Nearly all categories of mutual funds posted strong performance gains in October, but analysts said the numbers don't necessarily mean that the fund industry will grow significantly before year-end.

Equity funds gained 5.76% in October, according to a report issued last week by New York-based Lipper. Sector equity funds rose nearly 8%. And science and technology funds gained 16.6% after six consecutive months of losses.

Equities rallied in October despite a still-hazy economic outlook for 2003, Lipper's report said. Consumer confidence is at a nine-year low, and the GDP has not grown as quickly as some expected. Still, analysts say that investors were heartened by third-quarter earnings.

"It was a good month for stocks in general," said Bill Harding, an analyst at Chicago fund-tracker Morningstar. "Some of the most beaten-down names that have taken the brunt of the bear market rebounded the most."

In fact, telecommunications funds, which have long suffered during the bear market, posted their best gains on record in October, Lipper said. The funds rocketed to an astounding 20.15% gain after six months of double-digit losses. The gains, Lipper said, were the result of stronger-than-expected earnings announcements from the likes of AT&T Wireless, BellSouth and Nextel.

Harding said that "telecom was one of the first areas into the bear market" and now "some people might think it will be one of the first areas to rebound."

All of this was welcome news to a fund industry that has weathered a relentless, three-year bear market leading up to some of the worst outflows on record. Since its exponential growth throughout the 1980s and 1990s, the fund industry has never suffered such a horrendous market, nor such stagnation.

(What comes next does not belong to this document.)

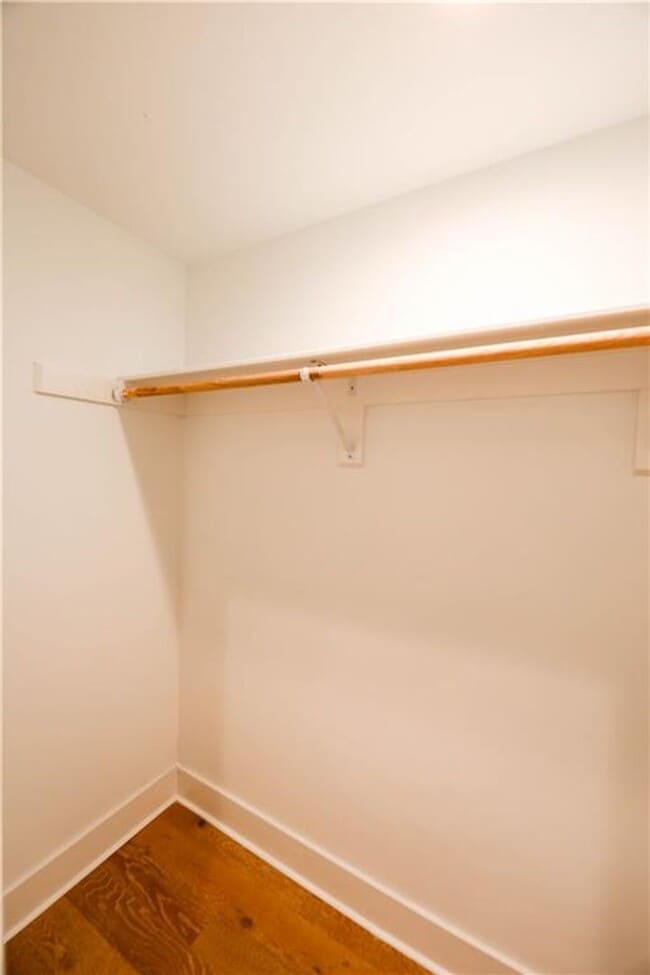 Building Photo - 8 Bedrooms 8 Baths Pre-leasing Now for 202...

The rally follows dismal mutual fund asset flows for the month of September. Investors drained $329.2 billion from funds in September, leaving total assets at $6.059 trillion. Stock funds alone suffered declines of nearly 10% in September.

October's flow numbers won't be available until the middle of November, analysts said, so it remains to be seen how fund investors responded to the October rally.

Lipper, meanwhile, predicted that any true recovery will not take shape until at least the first quarter of next year, partly because, although earnings results were promising, they were more the product of cost cutting than growth. And analysts said that the industry shouldn't hold its breath for a rapid change in attitude among investors.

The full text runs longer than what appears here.